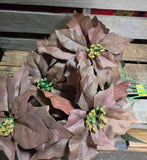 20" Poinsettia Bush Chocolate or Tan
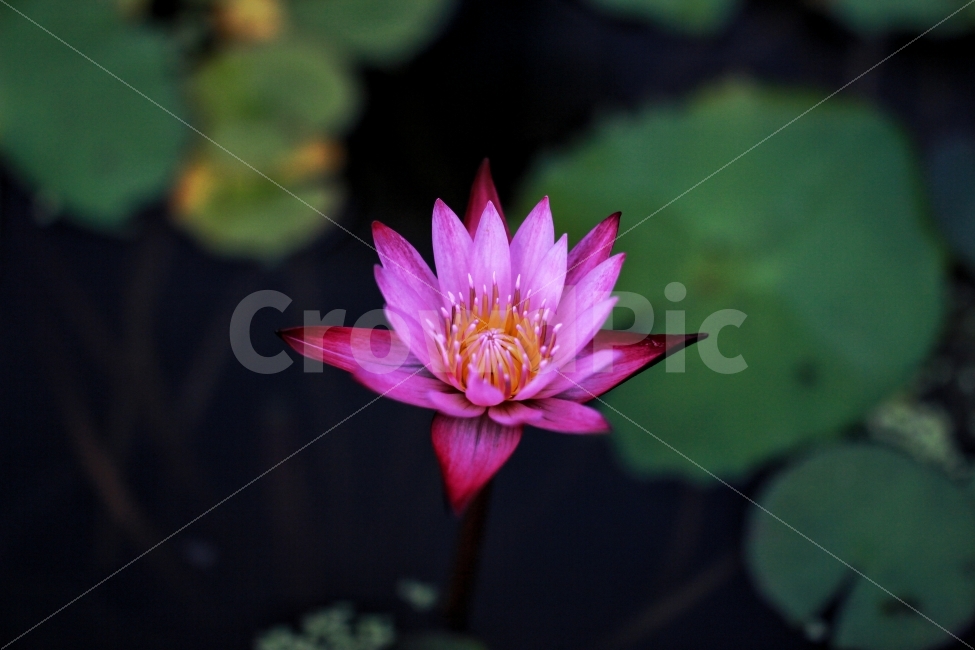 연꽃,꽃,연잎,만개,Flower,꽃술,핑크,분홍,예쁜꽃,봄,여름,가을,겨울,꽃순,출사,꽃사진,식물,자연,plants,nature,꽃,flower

--*--

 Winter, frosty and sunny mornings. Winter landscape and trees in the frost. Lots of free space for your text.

--*--

Work required: Return, exactly as they stand, the lines above from the one with "Chocolate or Tan" to the one with "연꽃,꽃,연잎,만개,Flo", omitting any pictures among them.

Exercise answer:
 20" Poinsettia Bush Chocolate or Tan
 연꽃,꽃,연잎,만개,Flower,꽃술,핑크,분홍,예쁜꽃,봄,여름,가을,겨울,꽃순,출사,꽃사진,식물,자연,plants,nature,꽃,flower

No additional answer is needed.